Padahal kata supir itu, mobil masih kosong. Memang, mereka dari rumah masih pagi, tapi tak segera naik angkutan umum.
“Ingin santai di pinggir jalan kali, padahal kalau datiag pagi ke sekolah kan bisa santai juga di sekolah?” kata si Supir.
Supir ini berlogika, makin siang, makin banyak penumpang. Juga penumpang dewasa. Kalau dimepetkan ke jam masuk sekolah, mereka bukan tak mungkin malah kesiangan. Herannya, kata dia, banyak anak OSIS baru mau naik kendaraan umum ketika waktu jam sekolah tinggal beberapa menit lagi. Akibatnya penumpang berjubel, dan malah tak bisa semua terangkut.
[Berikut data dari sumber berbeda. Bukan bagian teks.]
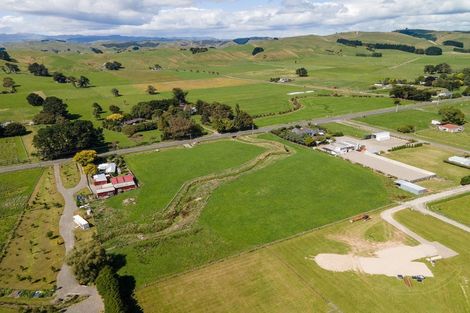 Photo of property in 16 Ranfurly Road, Pahiatua, 4984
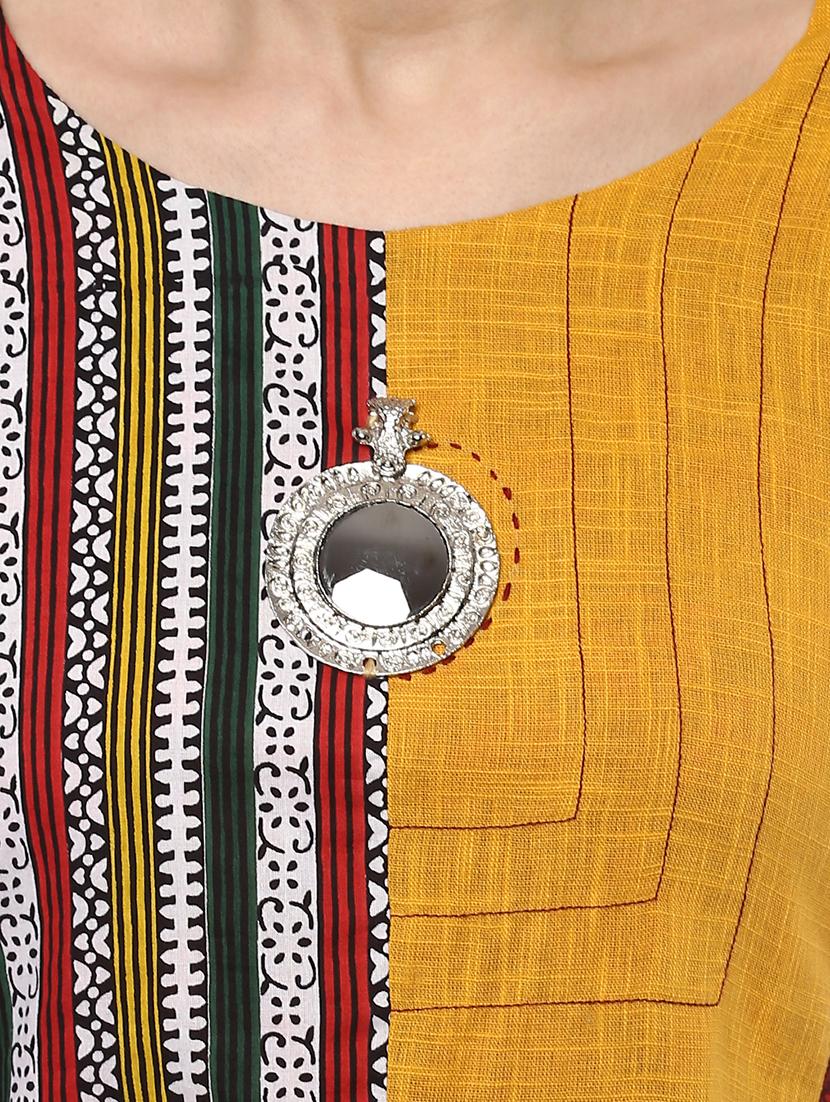 red rayon high low kurta - 15084135 - Zoom Image - 4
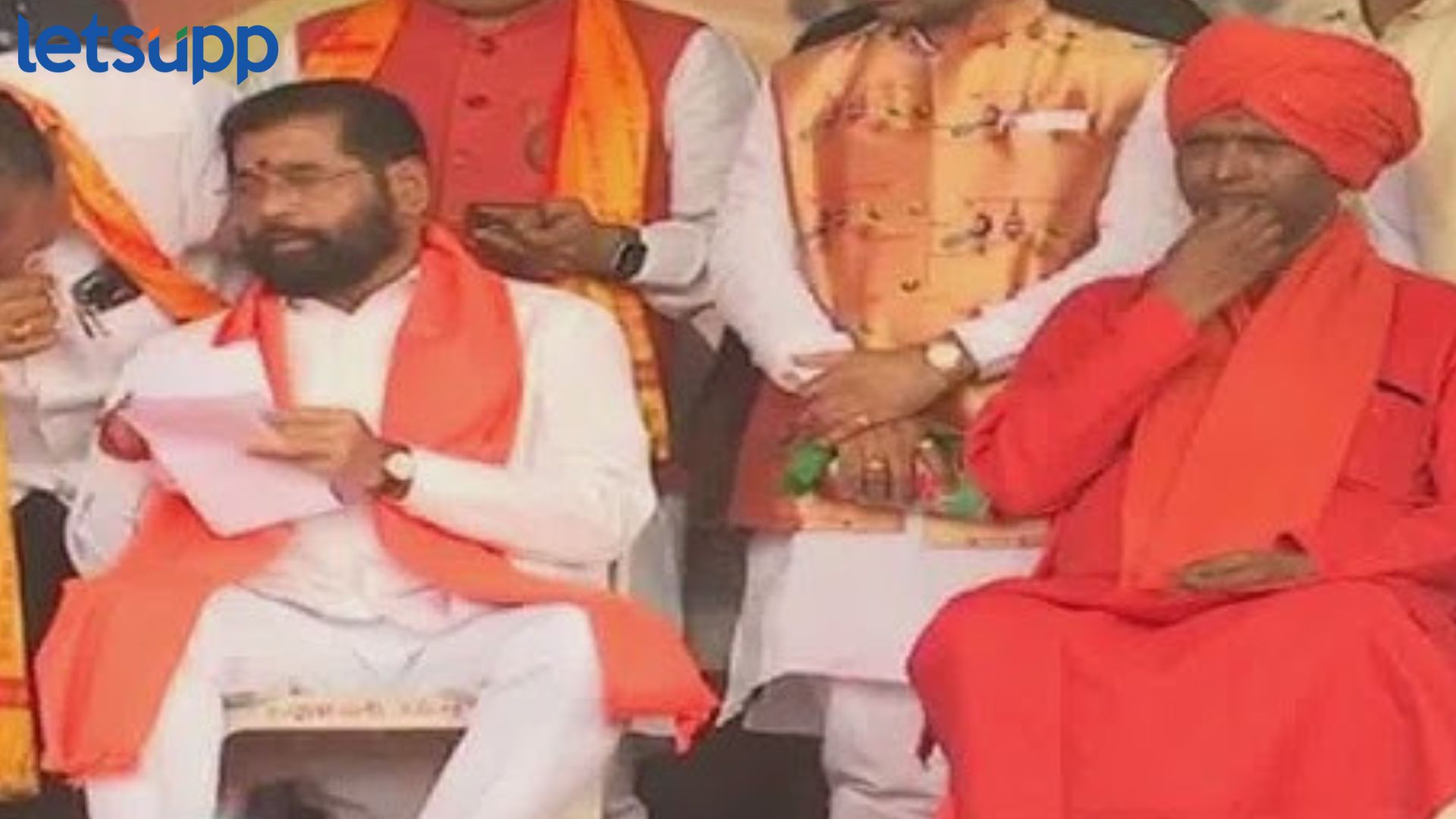 ‘संतांच्या केसाला सुद्धा धक्का लागू देणार नाही’, महंत रामगिरी महाराजांसमोर शिंदेंची ग्वाही Eknath Shinde On Ramgiri Maharaj : ‘संतांच्या केसाला सुद्धा धक्का लागू देणार नाही’,महंत रामगिरी महाराजांसमोर शिंदेंची ग्वाही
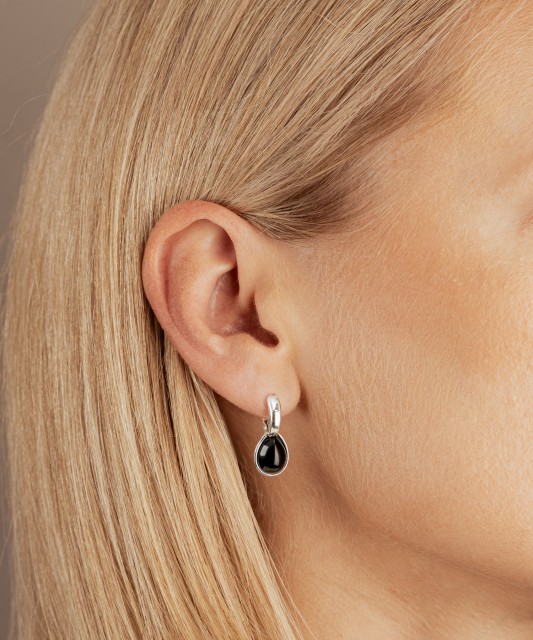 Sudraba auskari ar oniksu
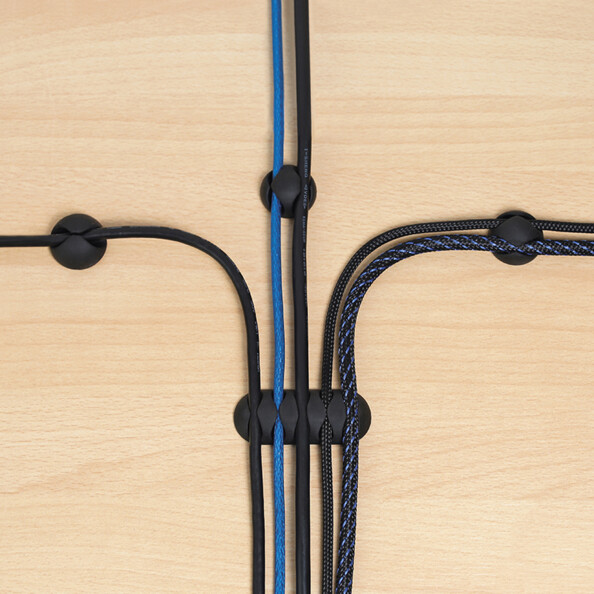 8 selbstklebende Kabelhalter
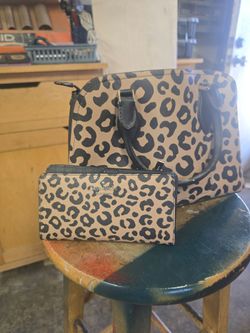 Kate Spade Cheetah Handbag/matching wallet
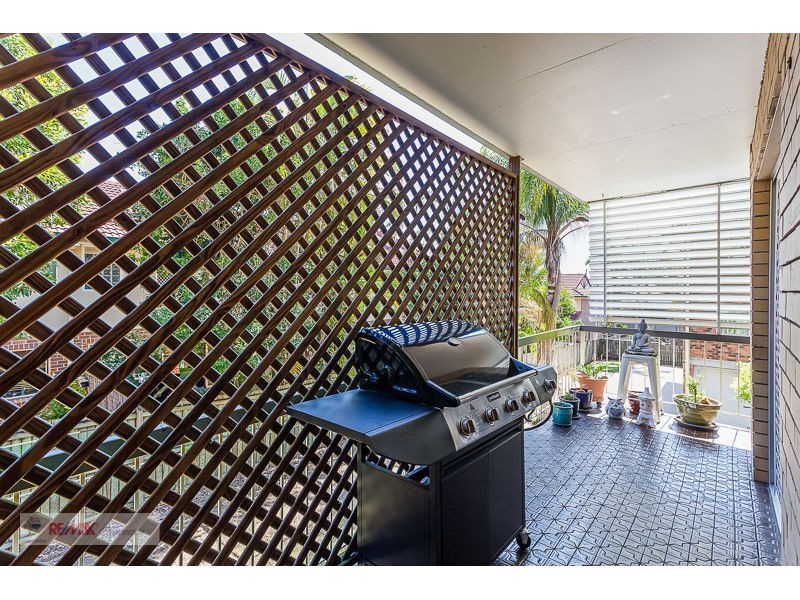 Unit 4/100 -112 School Road, Yeronga QLD 4104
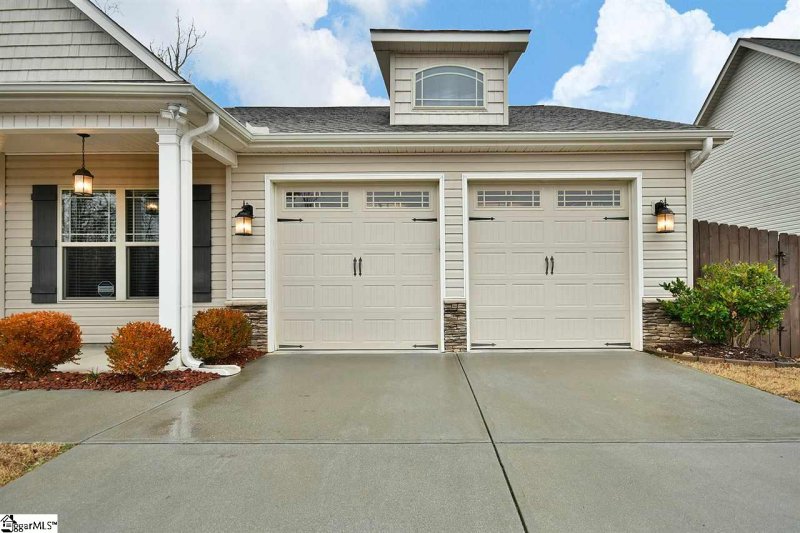 Property image 2 at 10 Gamesford Court, Simpsonville, SC 29680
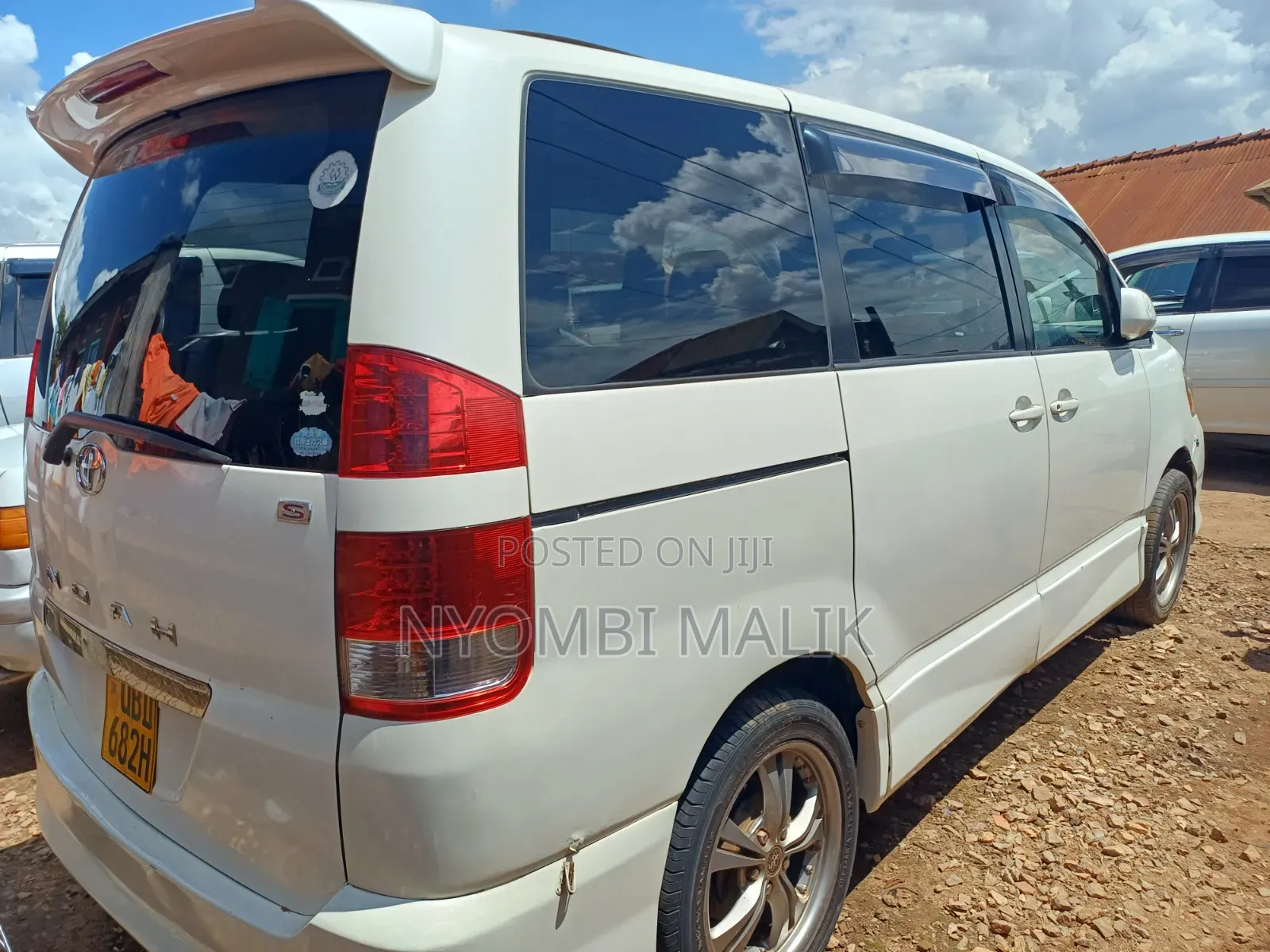 Toyota Noah 2.0 FWD (8 Seater) 2005 Pearl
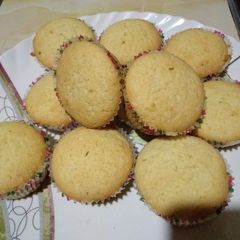 A picture of Coconut,krest bitter lemon cuppies#4wkschallenge#charityrecipe.
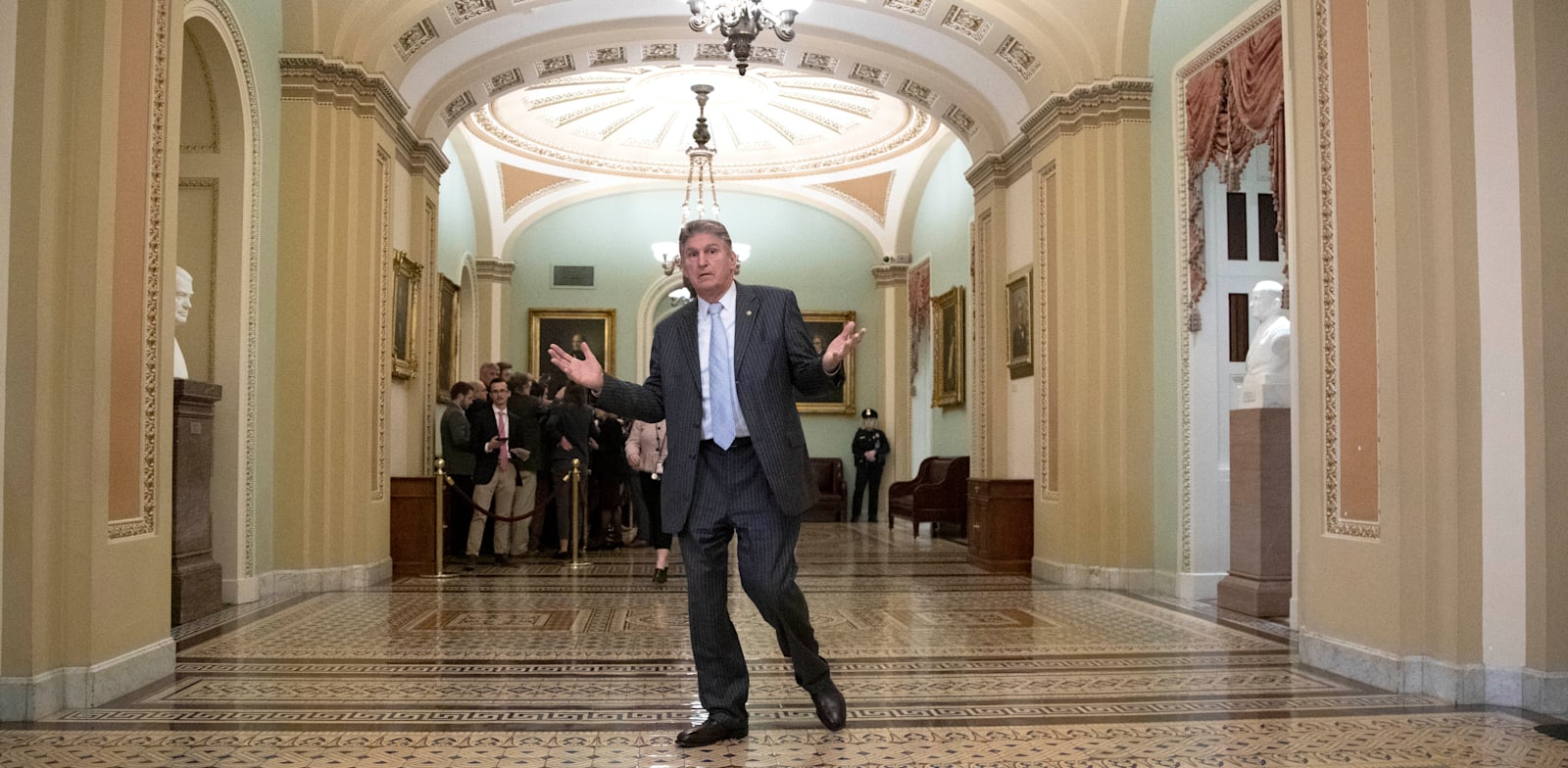 הסנטור ג'ו מנצ'ין בגבעת הקפיטול בוושינגטון / צילום: Associated Press, Julio Cortez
“Jelas pasti ada yang terlambat ke sekolah. Padahal sudah dari pagi sekali mereka berdiri di pinggir jalan,” kata si Supir keheranan.

Ambil Hikmah
Keluhan dan kritik dari para awak angkutan umum, tentang perilaku kurang positif anak sekolah perlu ditanggapi dengan bijak. Bagaimana pun mereka adalah masyarakat yang berhak menilai. Anak sekolah adalah anak-anak masyarakat dan akan hidup di tengah masyarakat pula.
Lepas dari rumah atau kosan, sebelum sampai ke sekolah, ke hadapan para guru, para supir angkotlah yang pertama kali berhubungan dengan anak-anak sekolah. Para awak angkutan umumlah yang paling dulu melihat perlilaku mereka dan tentu juga masyarakat di dalam angkot.
Nampaknya, tak perlu malu, ada kekura-ngan dari hasil pendidikan di sekolah yang tertangkap pihak lain. Anak-anak sekolah adalah produk SDM yang belum “jadi” . Masih bisa dibentuk, diluruskan dan diperbaiki. Mungkin benar kata para supir, tentang menghargai orang lain, berinteraksi sosial, kemandirian, berpikir dan bertindak cerdas serta perilaku disiplin menghargai waktu, masih perlu ditingkatkan aplikasinya dalam kehidupan anak didik kita.
Sebelum banyak membahas perlunya pendidikan karakter, para supir angkot itu sudah menyadarkan kita. Ternyata dari sudut sempit ruang angkot saja, kita bisa menemukan seperti apa perilaku anak-anak kita di pagi, siang, dan sore hari.